[[ RECORD EXTRACTS open ]]
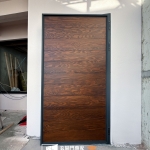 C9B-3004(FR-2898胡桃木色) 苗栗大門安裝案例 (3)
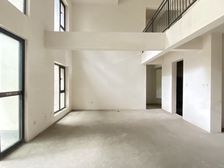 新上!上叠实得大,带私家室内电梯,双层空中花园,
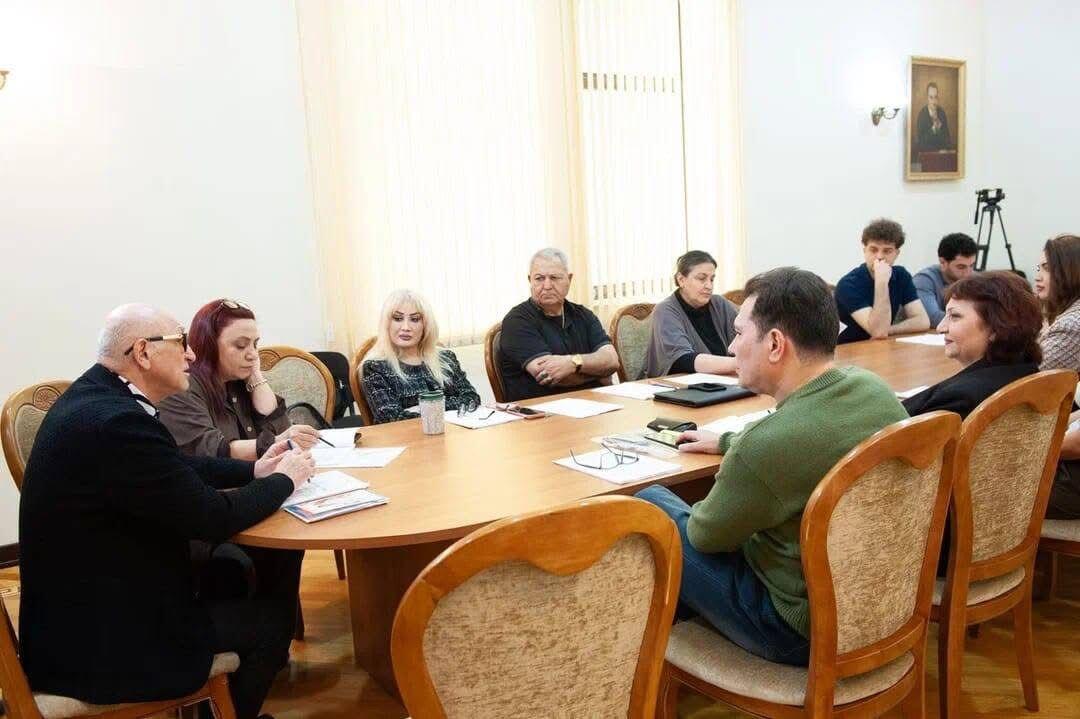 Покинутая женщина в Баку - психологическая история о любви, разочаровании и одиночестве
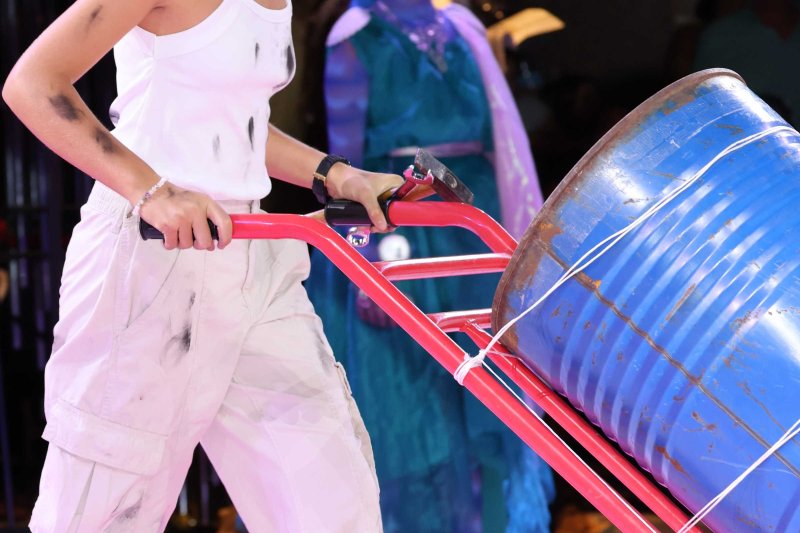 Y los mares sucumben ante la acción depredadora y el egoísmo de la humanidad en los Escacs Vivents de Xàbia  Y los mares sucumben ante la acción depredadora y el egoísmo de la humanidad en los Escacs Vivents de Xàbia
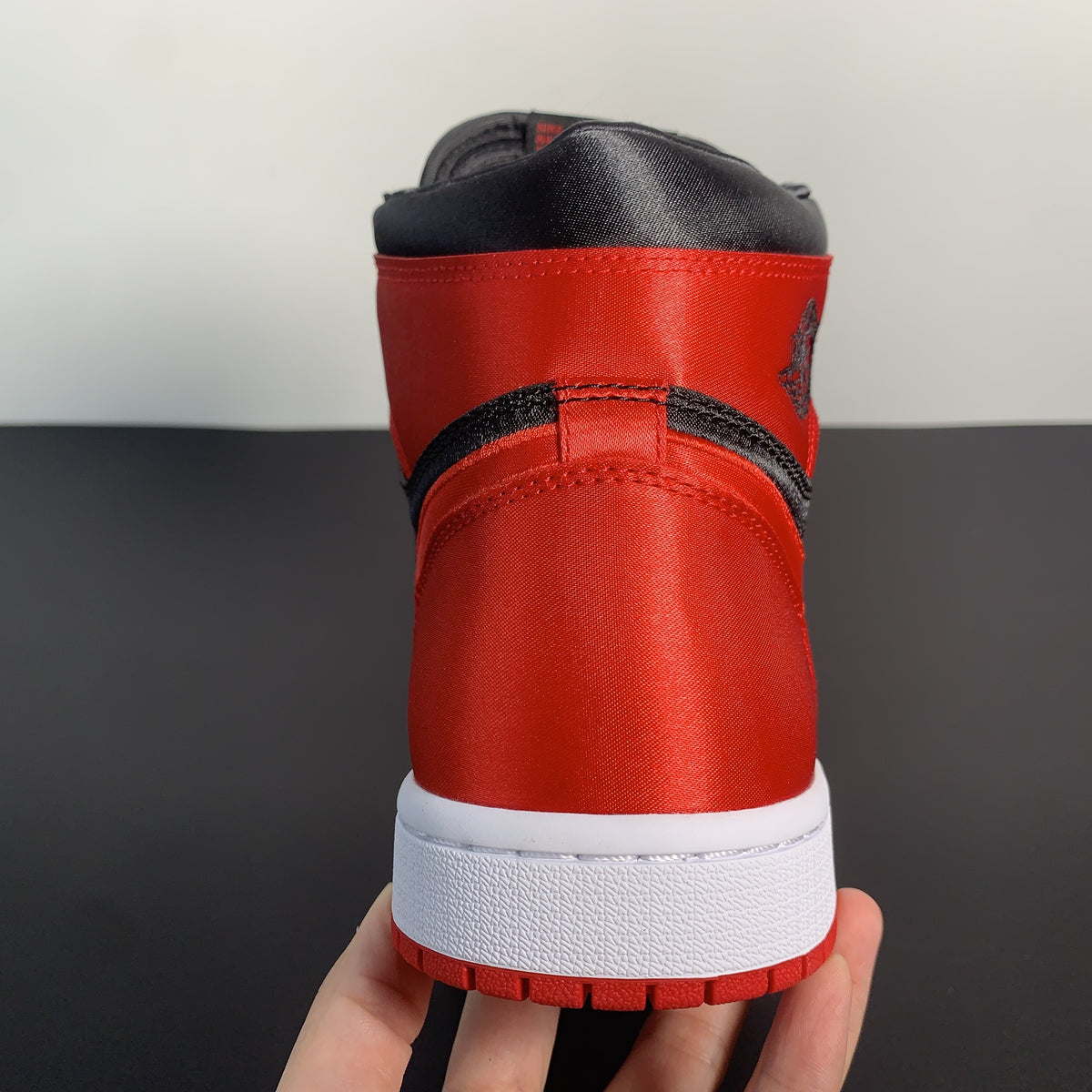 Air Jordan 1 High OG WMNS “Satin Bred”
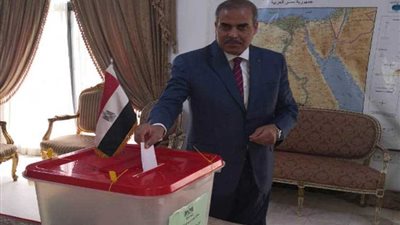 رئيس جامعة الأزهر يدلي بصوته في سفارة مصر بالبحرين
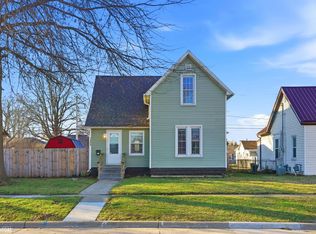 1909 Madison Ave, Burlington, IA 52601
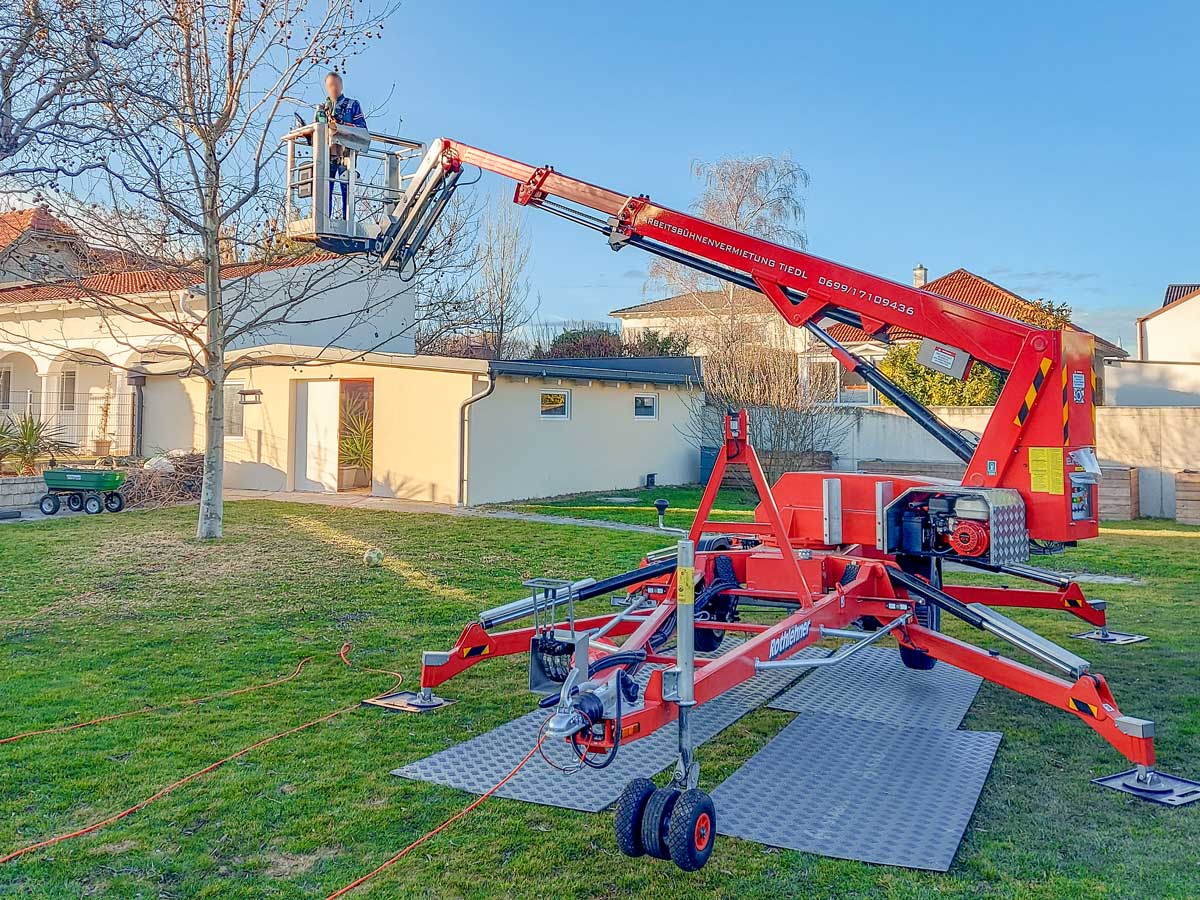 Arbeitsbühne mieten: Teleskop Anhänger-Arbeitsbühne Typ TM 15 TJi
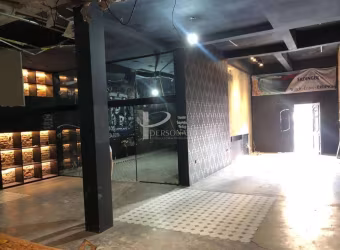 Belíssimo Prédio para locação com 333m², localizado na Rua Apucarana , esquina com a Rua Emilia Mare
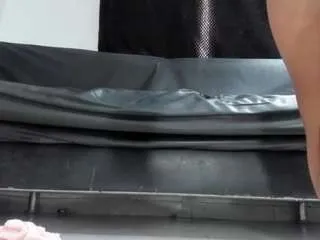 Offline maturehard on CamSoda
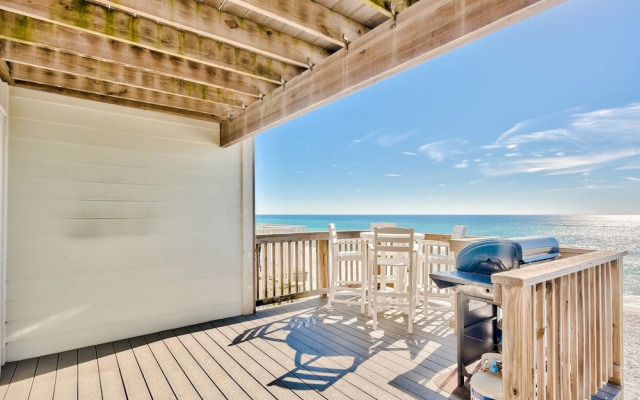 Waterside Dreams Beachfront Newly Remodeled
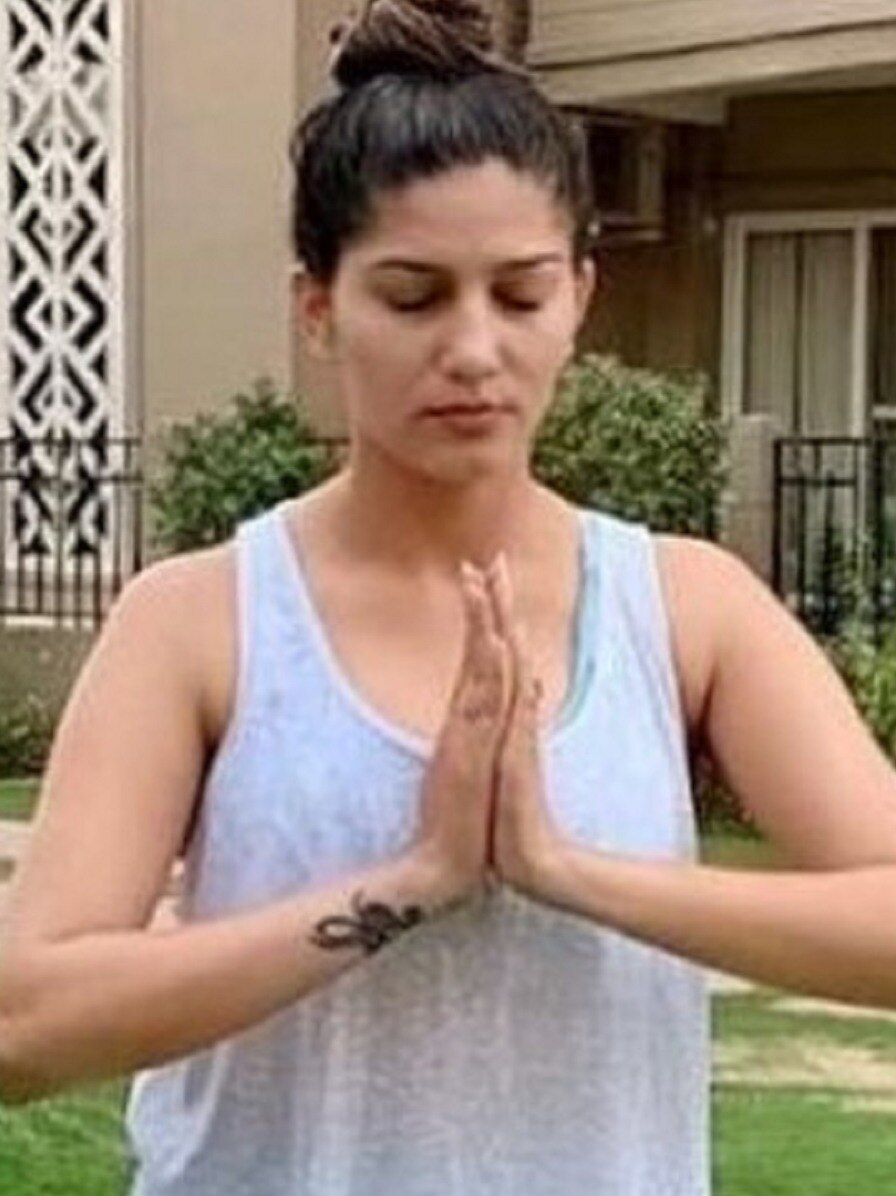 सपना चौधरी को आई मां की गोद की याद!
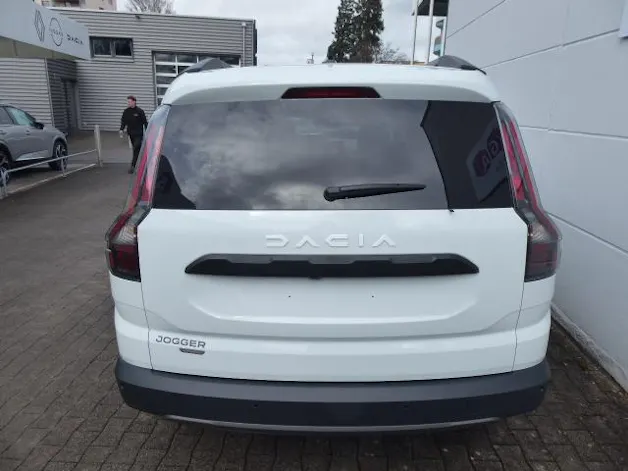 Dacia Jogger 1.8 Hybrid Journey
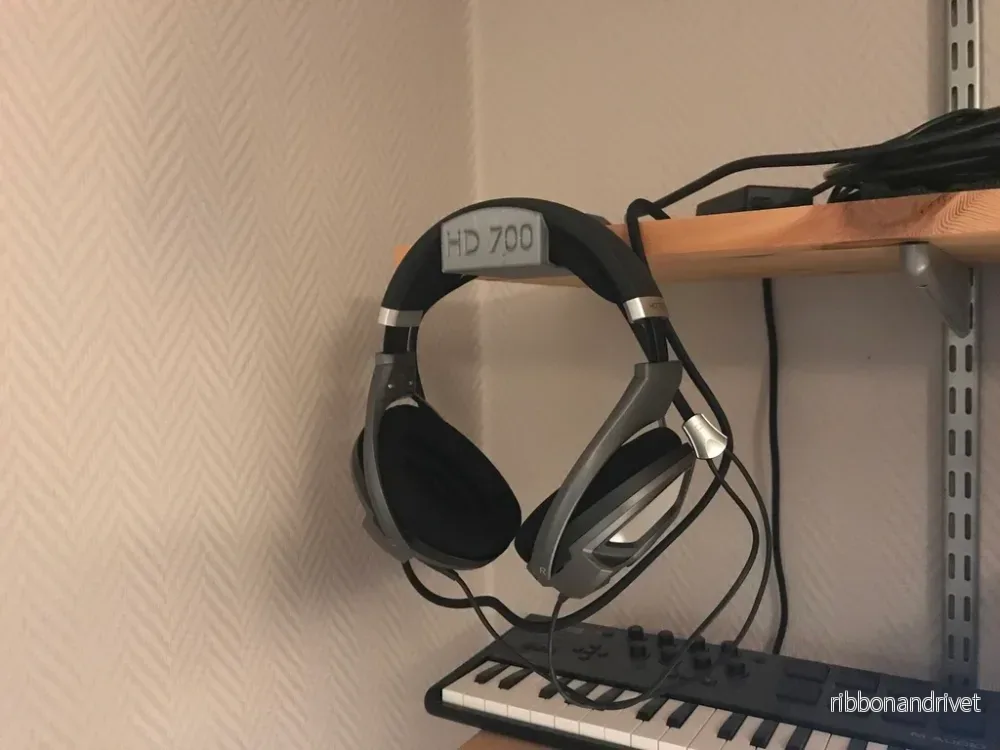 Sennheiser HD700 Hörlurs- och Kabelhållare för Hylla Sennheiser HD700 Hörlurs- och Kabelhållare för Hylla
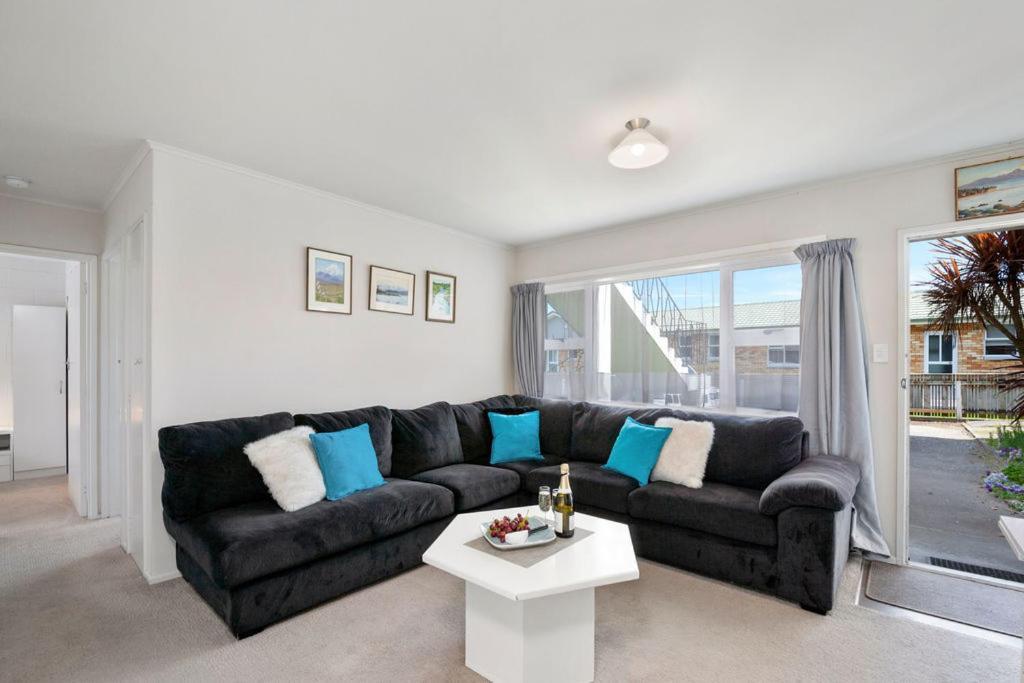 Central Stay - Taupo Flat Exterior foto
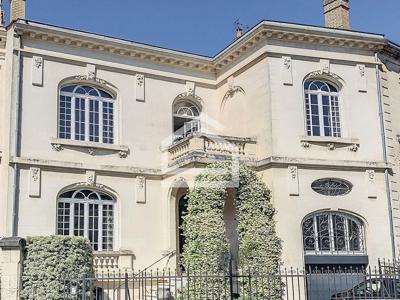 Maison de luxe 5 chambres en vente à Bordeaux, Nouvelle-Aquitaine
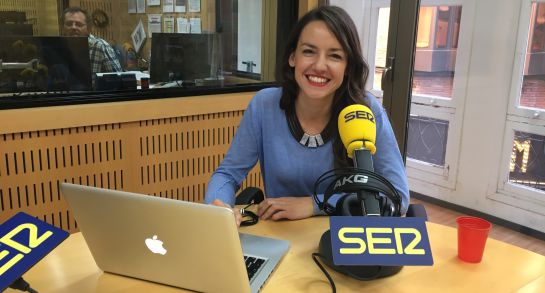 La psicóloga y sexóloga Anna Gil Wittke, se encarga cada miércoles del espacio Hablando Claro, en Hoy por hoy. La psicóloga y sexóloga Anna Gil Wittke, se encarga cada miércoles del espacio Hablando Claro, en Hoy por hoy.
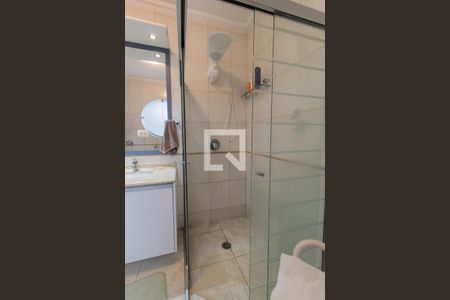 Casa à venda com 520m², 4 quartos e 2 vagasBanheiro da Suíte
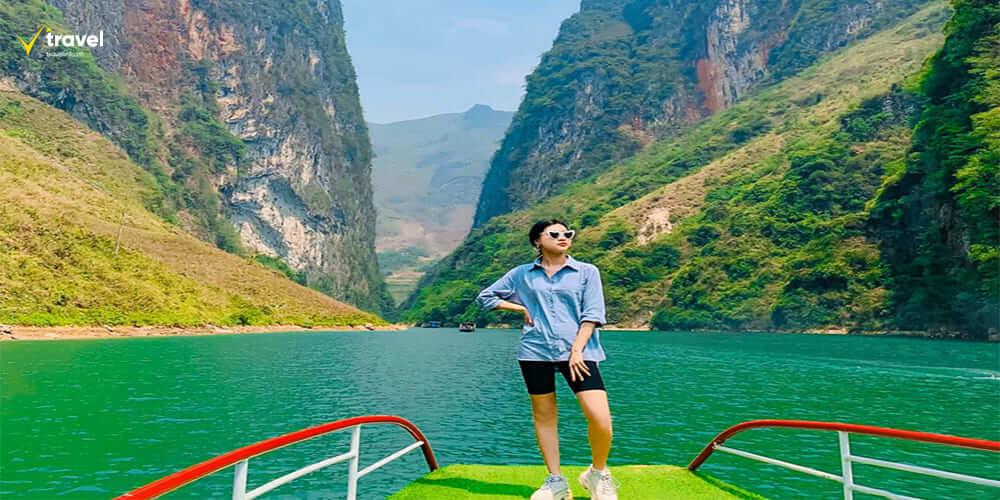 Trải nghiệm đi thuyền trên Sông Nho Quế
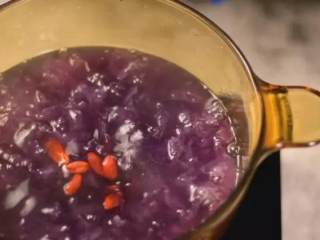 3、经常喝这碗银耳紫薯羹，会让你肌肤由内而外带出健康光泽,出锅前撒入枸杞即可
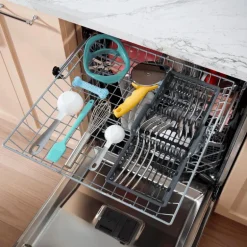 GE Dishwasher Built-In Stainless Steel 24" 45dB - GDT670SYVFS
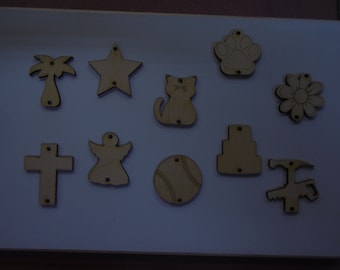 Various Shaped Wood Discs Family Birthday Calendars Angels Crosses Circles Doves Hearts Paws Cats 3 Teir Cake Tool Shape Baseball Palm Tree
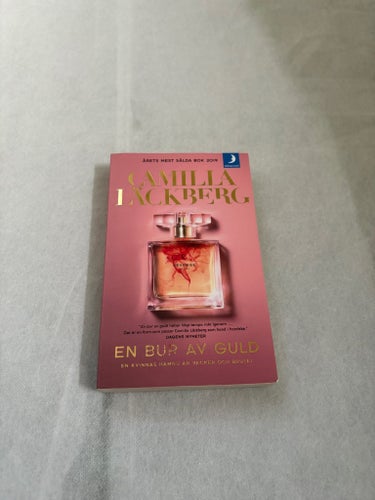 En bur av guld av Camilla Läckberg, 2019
[[ RECORD EXTRACTS closed ]]
● INSTRUCTIONS TO FOLLOW:
Every line from the one holding "Maison de luxe" through the end of the records above must be reproduced verbatim, pictures excepted.

● TASK ANSWER:
 Maison de luxe 5 chambres en vente à Bordeaux, Nouvelle-Aquitaine
 La psicóloga y sexóloga Anna Gil Wittke, se encarga cada miércoles del espacio Hablando Claro, en Hoy por hoy. La psicóloga y sexóloga Anna Gil Wittke, se encarga cada miércoles del espacio Hablando Claro, en Hoy por hoy.
 Casa à venda com 520m², 4 quartos e 2 vagasBanheiro da Suíte
 Trải nghiệm đi thuyền trên Sông Nho Quế
 3、经常喝这碗银耳紫薯羹，会让你肌肤由内而外带出健康光泽,出锅前撒入枸杞即可
 GE Dishwasher Built-In Stainless Steel 24" 45dB - GDT670SYVFS
 Various Shaped Wood Discs Family Birthday Calendars Angels Crosses Circles Doves Hearts Paws Cats 3 Teir Cake Tool Shape Baseball Palm Tree
 En bur av guld av Camilla Läckberg, 2019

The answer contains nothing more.